Dataset content:

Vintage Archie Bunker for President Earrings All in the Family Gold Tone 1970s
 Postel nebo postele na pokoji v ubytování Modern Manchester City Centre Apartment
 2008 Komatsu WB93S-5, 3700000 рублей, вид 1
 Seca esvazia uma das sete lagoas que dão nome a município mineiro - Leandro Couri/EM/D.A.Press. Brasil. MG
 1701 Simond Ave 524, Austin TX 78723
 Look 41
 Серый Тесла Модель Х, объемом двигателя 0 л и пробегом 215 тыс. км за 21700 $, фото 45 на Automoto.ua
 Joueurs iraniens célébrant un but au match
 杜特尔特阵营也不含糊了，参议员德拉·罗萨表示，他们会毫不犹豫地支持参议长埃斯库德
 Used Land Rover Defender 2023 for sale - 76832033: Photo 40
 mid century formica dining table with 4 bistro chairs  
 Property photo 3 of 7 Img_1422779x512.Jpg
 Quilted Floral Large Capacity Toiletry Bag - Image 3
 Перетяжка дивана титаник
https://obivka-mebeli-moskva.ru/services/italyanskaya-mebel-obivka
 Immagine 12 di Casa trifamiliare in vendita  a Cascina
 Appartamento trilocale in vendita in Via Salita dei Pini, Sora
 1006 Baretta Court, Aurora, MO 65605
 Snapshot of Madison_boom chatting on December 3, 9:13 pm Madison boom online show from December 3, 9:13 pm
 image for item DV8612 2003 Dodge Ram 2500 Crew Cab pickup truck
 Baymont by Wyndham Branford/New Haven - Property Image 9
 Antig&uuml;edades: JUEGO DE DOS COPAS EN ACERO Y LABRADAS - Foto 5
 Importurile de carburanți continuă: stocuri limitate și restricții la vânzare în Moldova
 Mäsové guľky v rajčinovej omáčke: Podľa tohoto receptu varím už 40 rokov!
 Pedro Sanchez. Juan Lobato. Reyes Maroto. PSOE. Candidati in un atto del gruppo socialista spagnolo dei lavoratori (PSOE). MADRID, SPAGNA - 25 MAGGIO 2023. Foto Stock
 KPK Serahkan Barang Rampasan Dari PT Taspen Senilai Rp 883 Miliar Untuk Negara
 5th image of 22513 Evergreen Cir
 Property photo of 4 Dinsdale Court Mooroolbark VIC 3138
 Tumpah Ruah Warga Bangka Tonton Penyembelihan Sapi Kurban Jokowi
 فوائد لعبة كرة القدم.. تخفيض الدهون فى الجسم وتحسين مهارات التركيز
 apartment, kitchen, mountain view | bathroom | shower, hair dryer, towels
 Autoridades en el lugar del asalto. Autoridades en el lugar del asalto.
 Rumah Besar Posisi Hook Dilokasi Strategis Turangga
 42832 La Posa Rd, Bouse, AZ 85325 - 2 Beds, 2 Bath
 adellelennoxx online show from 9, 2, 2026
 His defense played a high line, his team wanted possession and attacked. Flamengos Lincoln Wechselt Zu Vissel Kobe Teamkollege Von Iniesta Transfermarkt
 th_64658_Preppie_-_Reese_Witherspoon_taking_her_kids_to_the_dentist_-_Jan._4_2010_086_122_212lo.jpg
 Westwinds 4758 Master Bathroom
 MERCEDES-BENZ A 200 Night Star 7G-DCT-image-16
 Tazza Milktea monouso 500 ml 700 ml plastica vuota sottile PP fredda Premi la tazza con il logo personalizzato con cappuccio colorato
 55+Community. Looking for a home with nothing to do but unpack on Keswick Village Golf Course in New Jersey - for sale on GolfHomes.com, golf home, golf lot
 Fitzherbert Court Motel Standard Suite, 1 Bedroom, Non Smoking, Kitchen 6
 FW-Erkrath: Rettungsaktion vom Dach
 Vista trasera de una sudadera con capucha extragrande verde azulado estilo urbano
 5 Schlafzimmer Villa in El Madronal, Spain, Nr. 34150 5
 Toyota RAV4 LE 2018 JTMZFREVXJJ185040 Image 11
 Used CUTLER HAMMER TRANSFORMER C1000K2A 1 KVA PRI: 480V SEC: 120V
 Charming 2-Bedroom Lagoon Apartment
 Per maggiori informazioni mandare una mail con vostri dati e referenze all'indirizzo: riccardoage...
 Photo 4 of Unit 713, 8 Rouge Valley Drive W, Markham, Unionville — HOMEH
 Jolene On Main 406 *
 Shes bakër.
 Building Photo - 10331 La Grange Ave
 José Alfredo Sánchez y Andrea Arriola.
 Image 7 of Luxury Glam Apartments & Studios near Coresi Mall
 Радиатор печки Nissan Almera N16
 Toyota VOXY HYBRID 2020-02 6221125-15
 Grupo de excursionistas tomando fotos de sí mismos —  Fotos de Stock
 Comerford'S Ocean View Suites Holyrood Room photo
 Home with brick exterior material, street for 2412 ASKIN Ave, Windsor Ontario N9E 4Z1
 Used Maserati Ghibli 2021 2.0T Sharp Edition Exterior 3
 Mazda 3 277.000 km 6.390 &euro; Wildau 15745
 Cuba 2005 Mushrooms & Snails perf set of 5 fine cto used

Your assignment:
Every line from the one containing "Grupo de excursionistas" through the last line of the entries should be output exactly; nothing else belongs in the reply.

Response to this exercise:
 Grupo de excursionistas tomando fotos de sí mismos —  Fotos de Stock
 Comerford'S Ocean View Suites Holyrood Room photo
 Home with brick exterior material, street for 2412 ASKIN Ave, Windsor Ontario N9E 4Z1
 Used Maserati Ghibli 2021 2.0T Sharp Edition Exterior 3
 Mazda 3 277.000 km 6.390 &euro; Wildau 15745
 Cuba 2005 Mushrooms & Snails perf set of 5 fine cto used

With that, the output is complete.